O Bem Amado será microssérie da Globo

Paulo Gracindo (1911-1995) fez história na televisão brasileira como o prefeito Odorico
Paraguaçu, que oportunamente se elege conclamando a construção de um cemitério
municipal em Sucupira, mas sofre para inaugurar com pompa sua obra (superfaturada), uma
vez que ninguém mais morre naquela cidade. Autor da peça que originaria as versões
posteriores, Dias Gomes (1922-1999) assinou a primeira adaptação para a tevê nos anos 70, a
novela O Bem Amado. Com o mesmo elenco, a história novamente faria sucesso na década
seguinte como minissérie, por quatro anos no ar, entre 1980 e 84.

Pois O Bem Amado logo voltará à televisão, desta vez dirigido por Guel Arraes, em uma
microssérie em quatro capítulos ainda sem data para estrear. O projeto para a tela pequena é
inseparável da produção para o cinema: as filmagens foram as mesmas. Enquanto gravava o
longa-metragem, o diretor já garantia as tomadas extras que seriam editadas no formato da
programação noturna da Rede Globo.
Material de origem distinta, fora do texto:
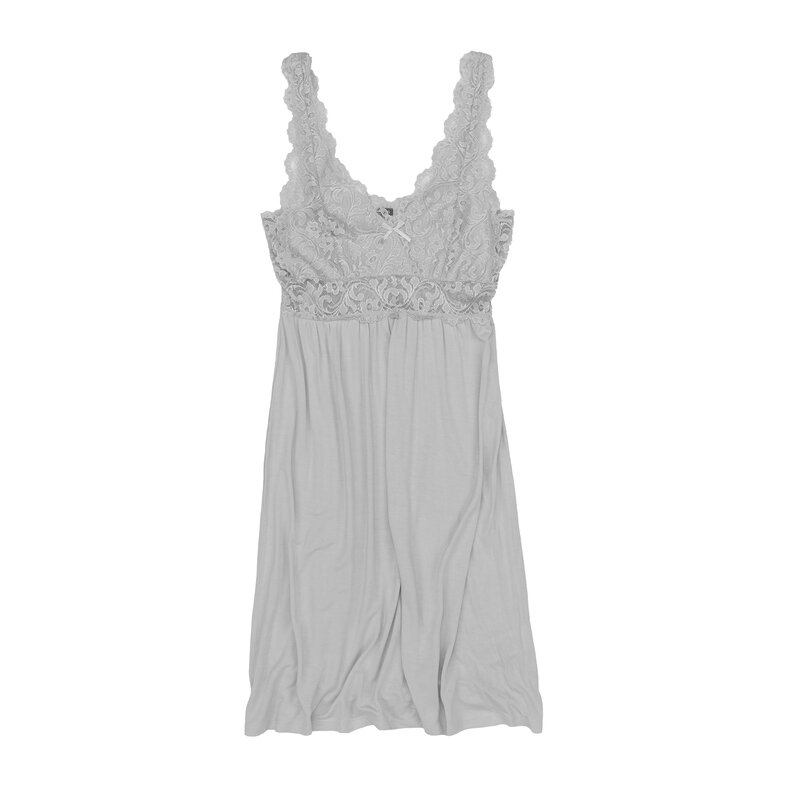 By Louise By Louise Slipdress Ladies Negligé With Lace Grey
Estratégia igual de aproveitamento de tempo, equipe e
material teria sido seguida pela produção de Chico Xavier para migrar diretamente do cinema
para a tevê. (LR)

Festival

Recife

Odorico Paraguaçu vive

O Bem Amado, filme de Guel Arraes, abriu o 14o Cine PE. Na adaptação da peça de Dias
Gomes para o cinema, Marco Nanini interpreta o personagem que foi de Paulo Gracindo na
tevê

Recife

Luciana Romagnolli*

Na versão para o cinema de O Bem Amado, é Marco Nanini quem profere o discurso empolado
que o prefeito Odorico Paraguaçu usa para camuflar suas picaretagens na administração da
cidade de Sucupira. Sem roubar o ar provinciano ao cenário da peça escrita por Dias Gomes
em 1962, Guel Arraes quis fazer um filme atual, e entendeu que para isso seria necessário
abaixar o tom de coronelismo em favor de uma politicagem mais contemporânea, embora
igualmente corrupta, adepta de promessas de campanha oportunistas, obras superfaturadas e
demais relações corrompidas.

O longa-metragem foi exibido pela primeira vez em público na abertura do 14º Cine PE Festival
do Audiovisual, nesta segunda-feira (26), com preocupação redobrada para que ninguém na
plateia de quase três mil lugares registrasse imagens que pudessem gerar cópias falsificadas.
Aos cinemas, o filme só deve chegar no dia 23 de julho. E não deve demorar muito para
retornar à tevê, onde marcou época em duas ocasiões tendo Paulo Gracindo como
protagonista (leia mais ao lado).

As irmãs Cajazeiro são interpretadas agora por um trio mais jovem, de furor sexual crescente,
que cabe a Odorico apaziguar: Zezé Polessa, Andréa Beltrão e Drica Moraes. Dentro da sátira à
elite brasileira, que é como Arraes enxerga a obra, as três cumprem a missão de alfinetar as
socialites que existem por aí. Matheus Nachtergaele vive Dirceu Borboleta, o assexuado
assistente do prefeito. E José Wilker faz um Zeca Diabo menos capiau do que o de Lima Duarte
e mais identificado ao sobrenome que adotou. Todos encarnam tipos caricatos, de um humor
histriônico no lugar do realismo popularizado nas versões televisivas. O texto de tiradas
inteligentes sobrevive, mas exige fôlego para não sucumbir na pressa do estilo Guel Arraes de
dirigir.

Na coletiva de imprensa realizada ontem, o elenco e o diretor negaram qualquer inspiração no


passado. Tanto Marco Nanini quanto Miguel Arraes disseram inclusive não ter assistido à
novela nem à minissérie anteriores. O trabalho dos dois em cima do texto seguiu outra rota.
Partiu de uma montagem de O Bem Amado para o teatro, que Nanini protagonizou em 2007,
com a participação das Companhia dos Atores e direção de Enrique Diaz.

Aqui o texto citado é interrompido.